_Assignment_
Starting with the line containing "Used TRUE TWO" and going on through the line containing "2 Bedroom Apartment", return the lines of the data below exactly, and only those.

_Extracted material_
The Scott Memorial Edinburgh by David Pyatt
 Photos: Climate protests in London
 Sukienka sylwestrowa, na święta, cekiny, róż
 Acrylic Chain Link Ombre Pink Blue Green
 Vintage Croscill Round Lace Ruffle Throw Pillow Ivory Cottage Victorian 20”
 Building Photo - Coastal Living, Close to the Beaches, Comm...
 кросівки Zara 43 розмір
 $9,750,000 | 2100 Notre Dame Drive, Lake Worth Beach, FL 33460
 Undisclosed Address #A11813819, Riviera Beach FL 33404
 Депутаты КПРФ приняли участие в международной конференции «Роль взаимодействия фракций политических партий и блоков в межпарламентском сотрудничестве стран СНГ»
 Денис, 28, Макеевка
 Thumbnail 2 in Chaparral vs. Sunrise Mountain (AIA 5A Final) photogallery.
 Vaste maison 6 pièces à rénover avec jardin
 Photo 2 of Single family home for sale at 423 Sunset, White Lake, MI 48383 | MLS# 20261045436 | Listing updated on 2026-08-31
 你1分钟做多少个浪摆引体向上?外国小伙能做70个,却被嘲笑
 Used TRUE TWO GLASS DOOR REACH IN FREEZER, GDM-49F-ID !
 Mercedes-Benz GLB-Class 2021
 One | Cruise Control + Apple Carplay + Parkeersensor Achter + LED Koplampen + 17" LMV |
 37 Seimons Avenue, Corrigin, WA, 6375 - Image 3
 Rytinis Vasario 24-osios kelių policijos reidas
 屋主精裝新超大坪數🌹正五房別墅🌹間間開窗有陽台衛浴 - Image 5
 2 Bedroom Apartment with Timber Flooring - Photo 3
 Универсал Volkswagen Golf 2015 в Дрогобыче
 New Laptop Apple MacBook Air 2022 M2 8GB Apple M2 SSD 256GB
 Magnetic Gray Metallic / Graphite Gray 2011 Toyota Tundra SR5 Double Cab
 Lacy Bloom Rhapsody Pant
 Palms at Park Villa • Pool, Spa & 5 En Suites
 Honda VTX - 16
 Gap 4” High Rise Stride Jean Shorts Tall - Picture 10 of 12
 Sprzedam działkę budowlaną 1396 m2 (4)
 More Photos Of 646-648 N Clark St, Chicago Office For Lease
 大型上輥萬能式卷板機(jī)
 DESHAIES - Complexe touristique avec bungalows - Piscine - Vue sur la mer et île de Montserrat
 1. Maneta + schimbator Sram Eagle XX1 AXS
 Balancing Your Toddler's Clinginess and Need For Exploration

_Expected answer_
 Used TRUE TWO GLASS DOOR REACH IN FREEZER, GDM-49F-ID !
 Mercedes-Benz GLB-Class 2021
 One | Cruise Control + Apple Carplay + Parkeersensor Achter + LED Koplampen + 17" LMV |
 37 Seimons Avenue, Corrigin, WA, 6375 - Image 3
 Rytinis Vasario 24-osios kelių policijos reidas
 屋主精裝新超大坪數🌹正五房別墅🌹間間開窗有陽台衛浴 - Image 5
 2 Bedroom Apartment with Timber Flooring - Photo 3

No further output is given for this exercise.